» Task brief
Once the images are set aside, print the remaining lines below exactly.

» Records for processing
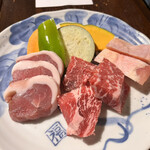 奥阿蘇の宿 やまなみ - 焼肉　猪、牛、鶏、野菜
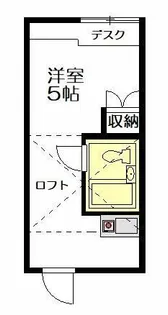 早稲田ステューデンス【1階】の間取り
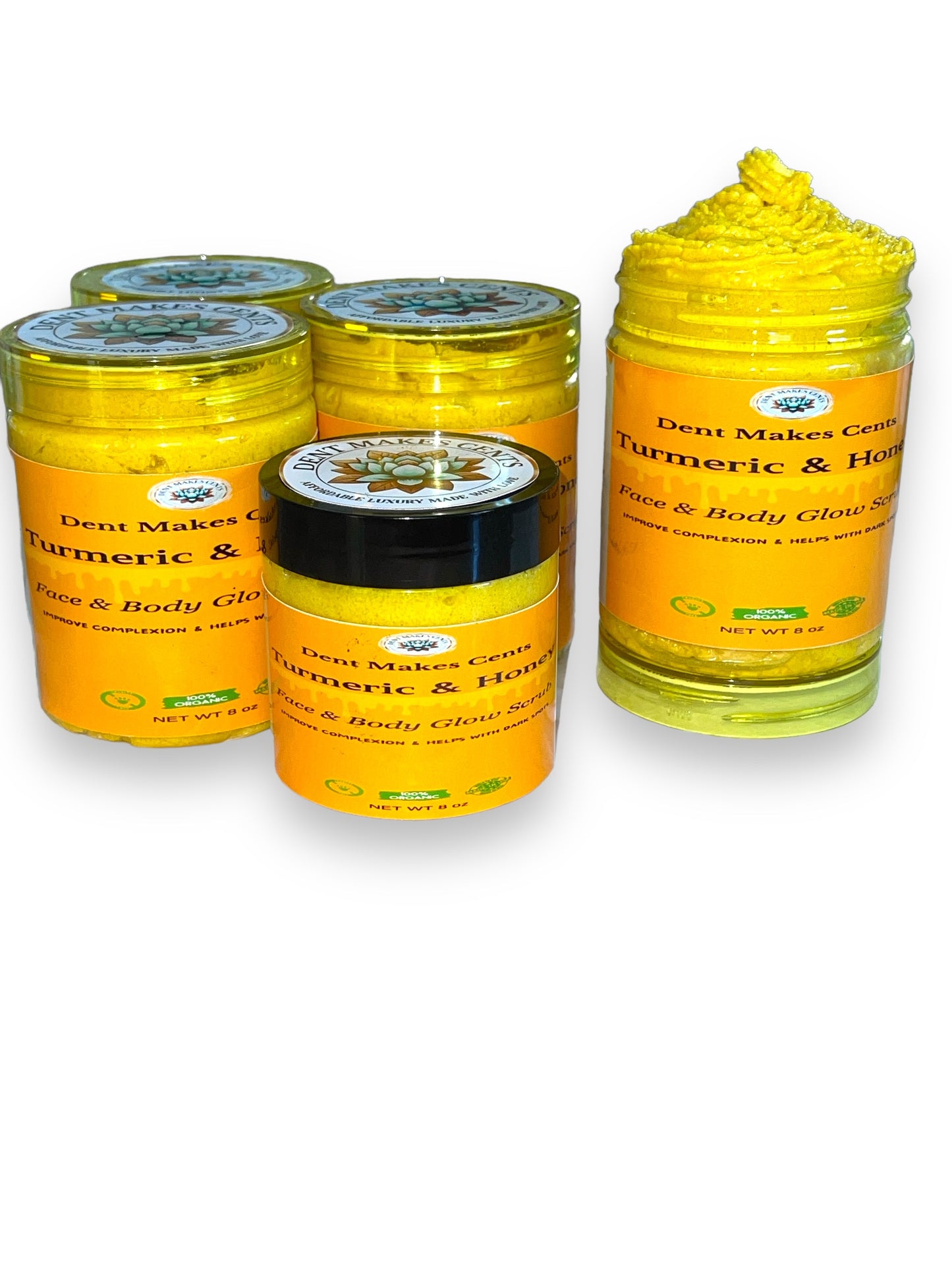 TURMERIC & HONEY – FACE & BODY GLOW SCRUB
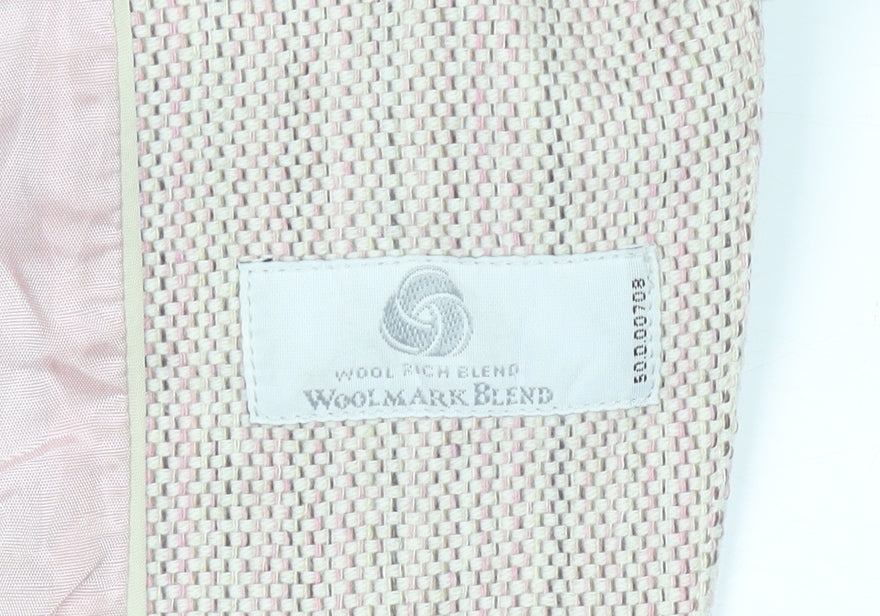Next Women's Beige Wool Blend Blazer Jacket Size 20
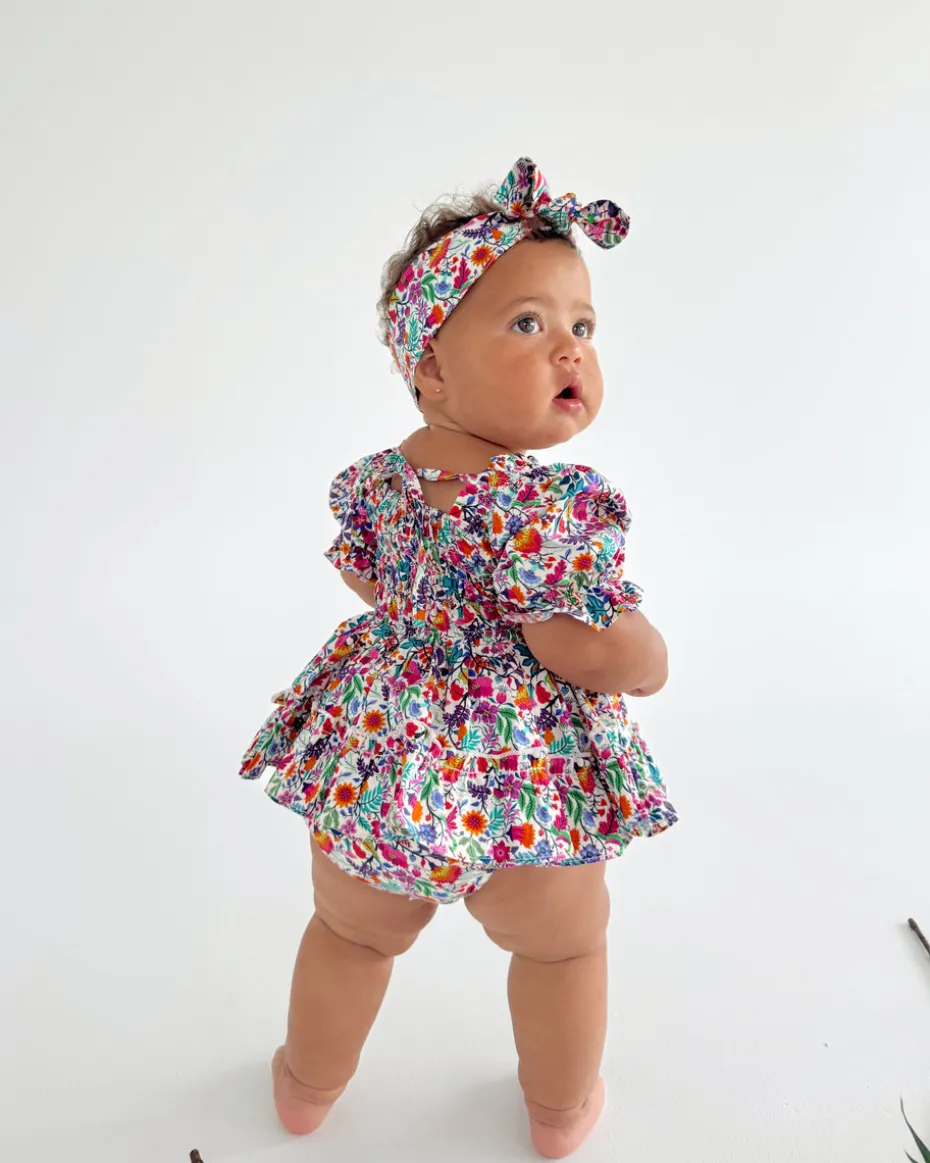Darlia Garden Baby Girl Floral Romper
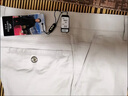 老爺車(chē)（LAOYECHE）絲光棉休閑褲男士夏季薄款米白色淺色中老年男褲高腰深襠爸爸褲子 米白色(夏季)現貨速發(fā) 薄款 34 (腰圍二尺七) 曬單實(shí)拍圖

» Exercise result
 奥阿蘇の宿 やまなみ - 焼肉　猪、牛、鶏、野菜
 早稲田ステューデンス【1階】の間取り
 TURMERIC & HONEY – FACE & BODY GLOW SCRUB
Next Women's Beige Wool Blend Blazer Jacket Size 20
Darlia Garden Baby Girl Floral Romper
 老爺車(chē)（LAOYECHE）絲光棉休閑褲男士夏季薄款米白色淺色中老年男褲高腰深襠爸爸褲子 米白色(夏季)現貨速發(fā) 薄款 34 (腰圍二尺七) 曬單實(shí)拍圖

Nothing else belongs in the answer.